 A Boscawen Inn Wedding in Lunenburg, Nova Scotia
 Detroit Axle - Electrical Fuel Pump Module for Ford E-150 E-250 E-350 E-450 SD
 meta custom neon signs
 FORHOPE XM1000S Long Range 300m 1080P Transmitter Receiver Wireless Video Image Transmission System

### What you are asked to do
Line by line, the listing above is to be transcribed exactly.

### Answer to this task
 A Boscawen Inn Wedding in Lunenburg, Nova Scotia
 Detroit Axle - Electrical Fuel Pump Module for Ford E-150 E-250 E-350 E-450 SD
 meta custom neon signs
 FORHOPE XM1000S Long Range 300m 1080P Transmitter Receiver Wireless Video Image Transmission System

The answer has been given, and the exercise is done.